[Try it] Copy, from the entries below, each line in which the string "chart" appears.

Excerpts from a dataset
========================================================================
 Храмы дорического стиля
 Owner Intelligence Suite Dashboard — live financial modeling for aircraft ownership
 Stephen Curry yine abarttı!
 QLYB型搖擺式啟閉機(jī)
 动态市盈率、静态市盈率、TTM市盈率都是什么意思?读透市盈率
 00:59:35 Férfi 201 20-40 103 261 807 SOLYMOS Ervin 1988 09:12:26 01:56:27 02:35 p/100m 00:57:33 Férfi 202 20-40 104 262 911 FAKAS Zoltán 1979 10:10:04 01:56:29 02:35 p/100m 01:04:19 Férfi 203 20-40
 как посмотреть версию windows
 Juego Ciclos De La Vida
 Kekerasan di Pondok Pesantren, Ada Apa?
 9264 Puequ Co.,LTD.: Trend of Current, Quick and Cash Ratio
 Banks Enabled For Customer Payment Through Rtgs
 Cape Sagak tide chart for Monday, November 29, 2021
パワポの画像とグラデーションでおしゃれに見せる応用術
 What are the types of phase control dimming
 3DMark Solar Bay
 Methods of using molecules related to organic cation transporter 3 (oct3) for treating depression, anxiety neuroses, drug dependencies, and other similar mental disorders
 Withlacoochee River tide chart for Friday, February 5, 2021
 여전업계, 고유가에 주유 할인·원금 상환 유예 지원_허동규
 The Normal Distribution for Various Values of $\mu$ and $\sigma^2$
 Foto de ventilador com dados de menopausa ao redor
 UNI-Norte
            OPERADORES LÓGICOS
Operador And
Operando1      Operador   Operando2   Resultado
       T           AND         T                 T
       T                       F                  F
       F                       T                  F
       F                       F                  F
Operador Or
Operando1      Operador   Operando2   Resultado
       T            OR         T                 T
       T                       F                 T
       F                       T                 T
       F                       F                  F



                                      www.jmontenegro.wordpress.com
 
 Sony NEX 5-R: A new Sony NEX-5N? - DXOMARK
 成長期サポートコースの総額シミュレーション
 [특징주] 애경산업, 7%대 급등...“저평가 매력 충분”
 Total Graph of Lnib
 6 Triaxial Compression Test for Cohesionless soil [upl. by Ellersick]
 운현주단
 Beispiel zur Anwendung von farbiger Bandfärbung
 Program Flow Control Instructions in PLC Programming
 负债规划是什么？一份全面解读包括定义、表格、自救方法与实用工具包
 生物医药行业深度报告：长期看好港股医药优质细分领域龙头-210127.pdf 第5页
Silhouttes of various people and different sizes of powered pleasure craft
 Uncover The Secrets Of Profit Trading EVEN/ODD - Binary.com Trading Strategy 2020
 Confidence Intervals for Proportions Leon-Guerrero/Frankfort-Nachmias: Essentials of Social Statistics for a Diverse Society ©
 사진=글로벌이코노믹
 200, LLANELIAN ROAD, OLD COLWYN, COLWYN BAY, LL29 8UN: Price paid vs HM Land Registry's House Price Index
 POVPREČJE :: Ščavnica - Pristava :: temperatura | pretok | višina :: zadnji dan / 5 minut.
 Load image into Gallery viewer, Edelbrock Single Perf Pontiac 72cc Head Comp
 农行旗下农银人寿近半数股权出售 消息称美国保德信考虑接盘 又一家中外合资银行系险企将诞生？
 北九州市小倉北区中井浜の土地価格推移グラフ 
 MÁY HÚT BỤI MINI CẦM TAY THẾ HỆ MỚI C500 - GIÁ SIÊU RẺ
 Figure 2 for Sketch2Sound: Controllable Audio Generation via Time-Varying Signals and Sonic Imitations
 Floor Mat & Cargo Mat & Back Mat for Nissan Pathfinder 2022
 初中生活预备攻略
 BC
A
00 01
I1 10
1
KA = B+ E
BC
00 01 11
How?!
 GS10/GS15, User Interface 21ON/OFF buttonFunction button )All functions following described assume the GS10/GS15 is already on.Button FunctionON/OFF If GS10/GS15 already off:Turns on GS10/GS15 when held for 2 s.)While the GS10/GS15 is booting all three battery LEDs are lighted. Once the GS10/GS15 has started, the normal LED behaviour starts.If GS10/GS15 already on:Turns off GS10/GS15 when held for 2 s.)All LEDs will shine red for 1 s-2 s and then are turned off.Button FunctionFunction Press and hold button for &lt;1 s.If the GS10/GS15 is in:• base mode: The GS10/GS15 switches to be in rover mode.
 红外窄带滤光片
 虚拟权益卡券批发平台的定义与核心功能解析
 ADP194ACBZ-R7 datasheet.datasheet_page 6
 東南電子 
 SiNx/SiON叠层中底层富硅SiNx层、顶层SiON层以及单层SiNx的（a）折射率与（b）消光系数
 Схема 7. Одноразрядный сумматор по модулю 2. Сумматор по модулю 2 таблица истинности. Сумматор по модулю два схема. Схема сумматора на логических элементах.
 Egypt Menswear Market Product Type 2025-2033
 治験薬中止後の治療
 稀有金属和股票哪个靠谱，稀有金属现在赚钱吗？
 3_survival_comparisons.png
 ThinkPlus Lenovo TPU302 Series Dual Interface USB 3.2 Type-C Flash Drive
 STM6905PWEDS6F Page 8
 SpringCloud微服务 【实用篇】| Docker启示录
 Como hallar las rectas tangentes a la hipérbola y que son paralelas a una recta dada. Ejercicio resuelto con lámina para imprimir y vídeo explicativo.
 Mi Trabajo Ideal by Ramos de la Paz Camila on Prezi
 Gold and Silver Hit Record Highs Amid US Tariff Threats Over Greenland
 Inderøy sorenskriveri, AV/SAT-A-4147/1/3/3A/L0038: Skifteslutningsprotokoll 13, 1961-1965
========================================================================
[Problem solution]
 Cape Sagak tide chart for Monday, November 29, 2021
 Withlacoochee River tide chart for Friday, February 5, 2021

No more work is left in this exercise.